House Republicans Demand Hunter Biden Appear For Private Deposition

On Friday, House Republicans demanded that Hunter Biden appear for a closed-door deposition on Dec. 13, rejecting his demand to testify publicly in exchange for releasing a transcript of the private interview for transparency.

“The subpoenas Mr. Biden has received compel him to appear before the Committees for a deposition; they are not mere suggestions open to Mr. Biden’s interpretation or preference,” the Republican chairman wrote in a letter to attorney Abbe Lowell.

Biden refused their request for closed-door testimony, stating that it could be manipulated.

Biden attorney Abbe Lowell called the investigation into his client a “fishing expedition,” but offered for his client to appear publicly rather than behind closed doors, stating that closed sessions can be selectively leaked and used to manipulate facts.

“A public proceeding would prevent selective leaks, manipulated transcripts, doctored exhibits, or one-sided press statements,” Lowell said.

House Oversight Committee chairman James Comer (R-KY) and Judiciary Committee chairman Jim Jordan (R-OH) wrote in a letter that they were conforming with the approach Republican and Democratic majorities had usually taken when deposing witnesses.

“Hunter Biden is trying to play by his own rules instead of following the rules required of everyone else,” said Comer. “That won’t stand with House Republicans.”

Comer stated Tuesday that Biden could testify publicly in the future, but he is expecting him to sit for a deposition on December 13 as written in the subpoena.

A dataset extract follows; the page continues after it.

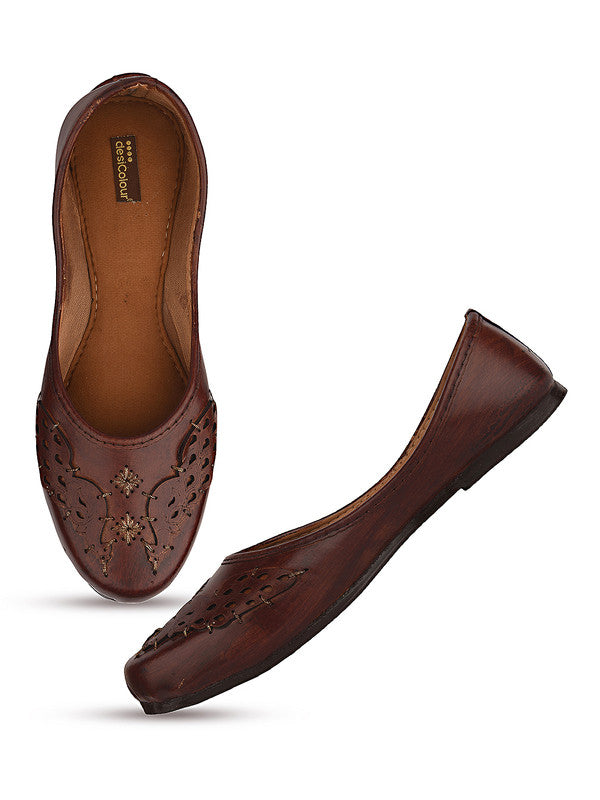 Handcrafted juttis, heels, bellies, flats, and mules for weddings, festivals, and daily wear – DESI COLOUR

Questions have come up about the ethics surrounding the Biden family’s international business, and lawmakers insist their evidence paints a troubling picture of “influence peddling” in the family’s business dealings, particularly with clients overseas.

Investigators have obtained over 12,000 pages of financial records and conducted interviews with individuals who worked closely with Biden in various capacities.

The committee also submitted subpoenas to the Biden family members and others, including former business associate Rob Walker. The White House called for them to be withdrawn, questioning their legitimacy.

Republicans are considering holding a vote to formally authorize their inquiry in an effort to strengthen their legal standing if the subpoena battle goes to court.